TASK TO COMPLETE: Drop all images. Then write out each line below exactly as given.

PROVIDED MATERIAL:

● ● ● ●

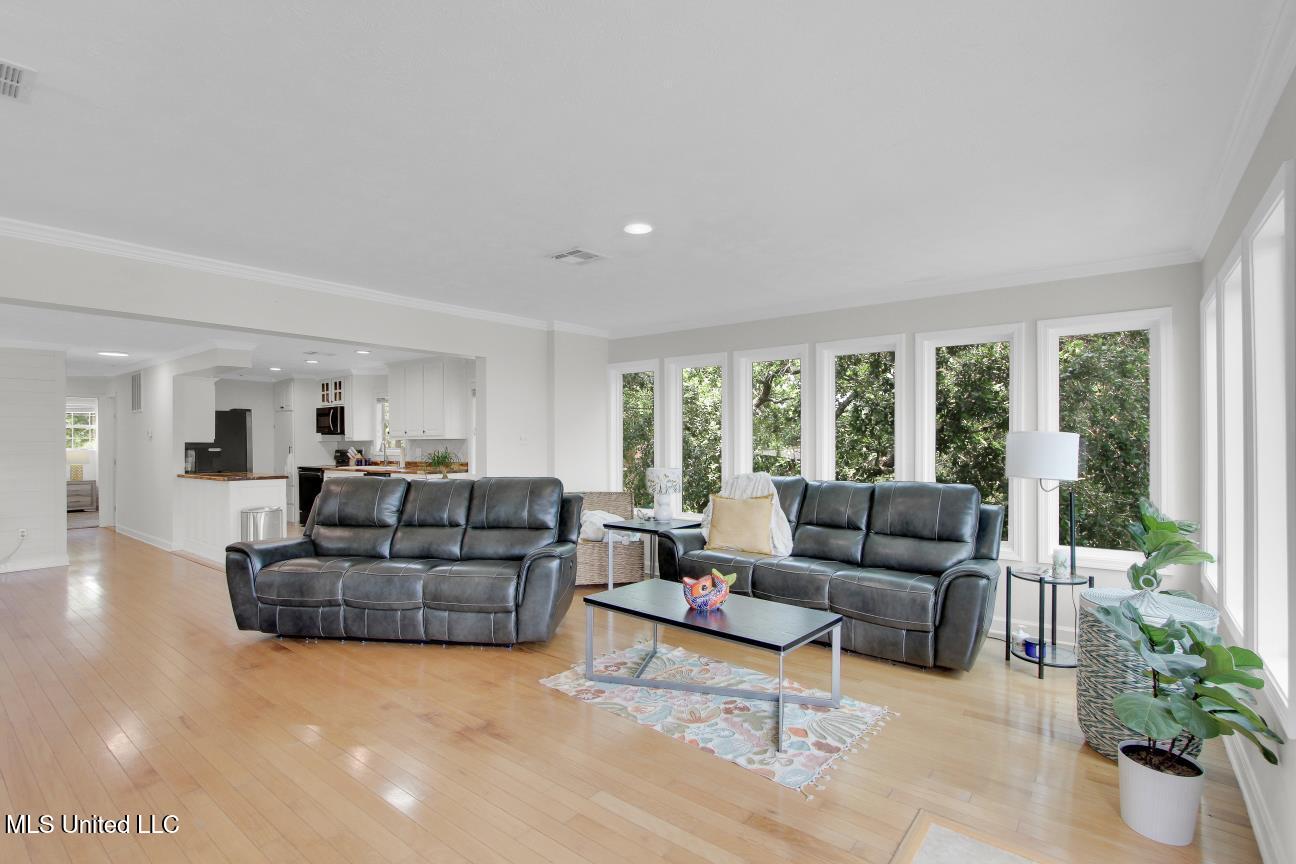 6085 Shawnee Street Kiln, MS 39556 - Photo 4 of 46 IMG_4101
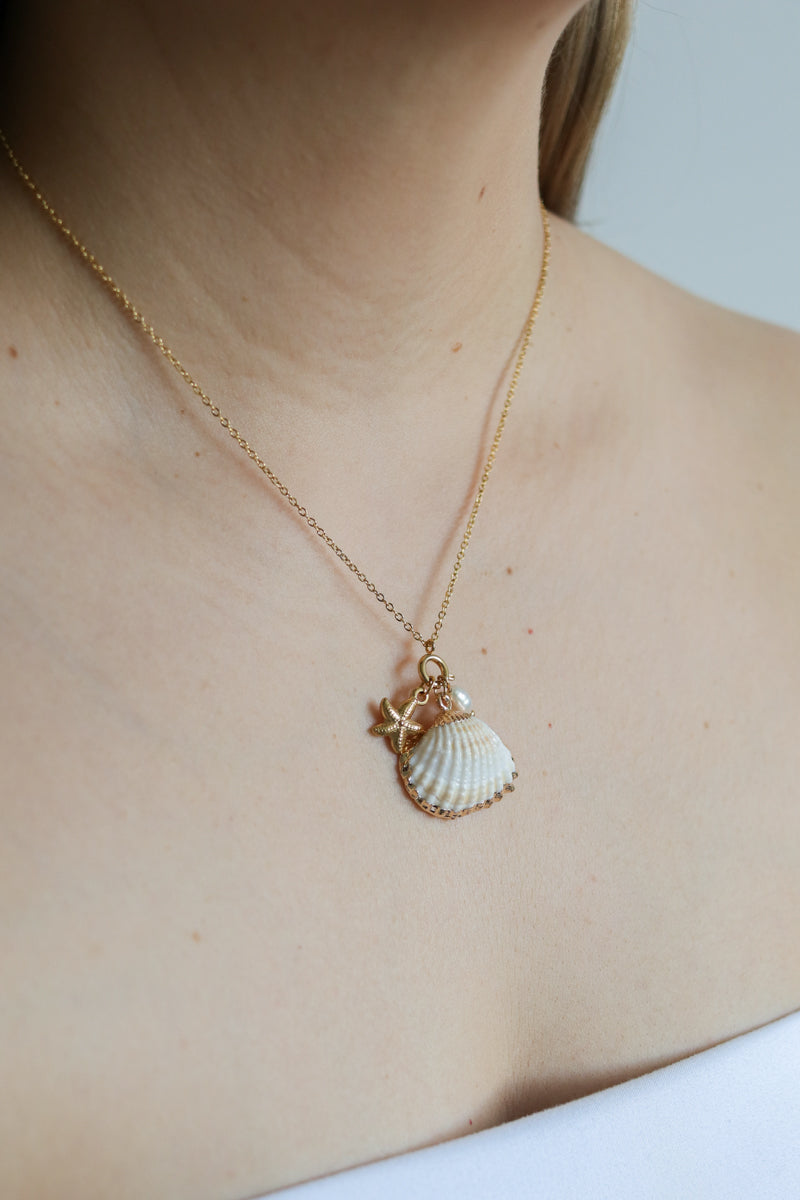 Naia White Shell Pearl Necklace
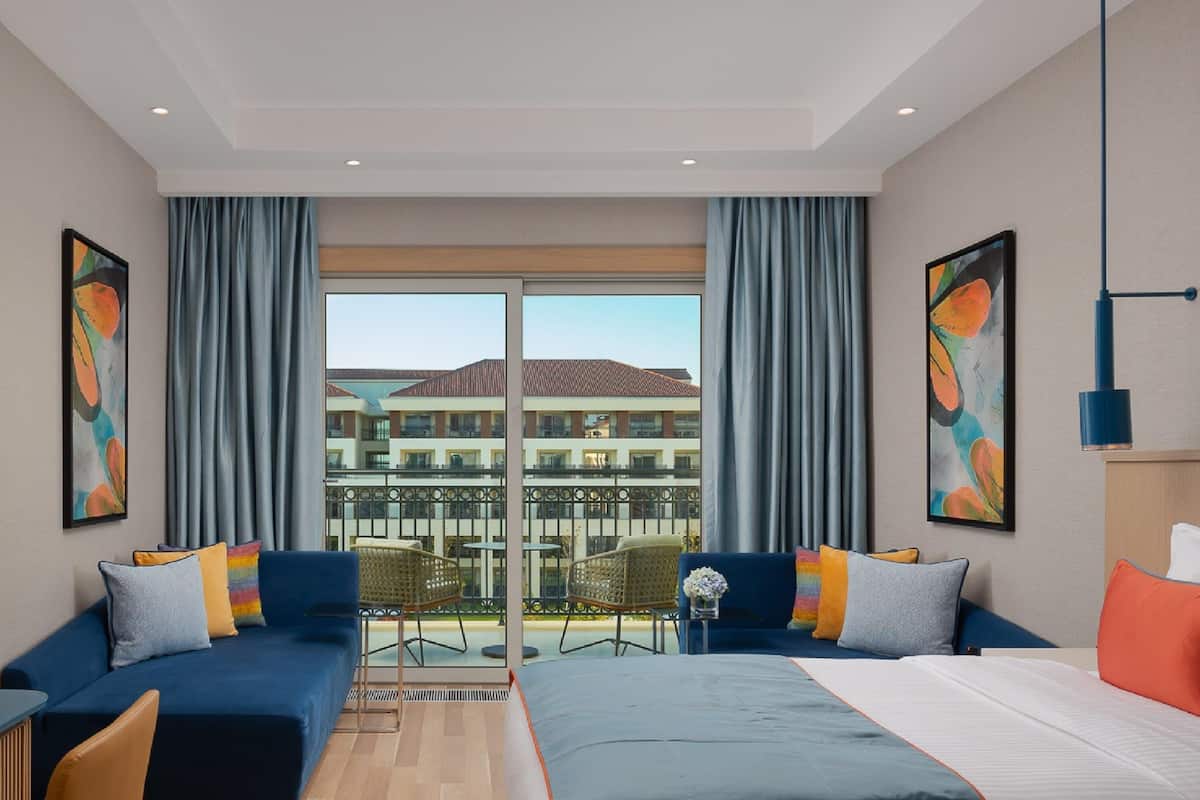 Deluxe Room, 1 King Bed, Garden View | 1 bedroom, minibar, desk, laptop workspace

● ● ● ●

ANSWER BELOW:
 6085 Shawnee Street Kiln, MS 39556 - Photo 4 of 46 IMG_4101
 Naia White Shell Pearl Necklace
 Deluxe Room, 1 King Bed, Garden View | 1 bedroom, minibar, desk, laptop workspace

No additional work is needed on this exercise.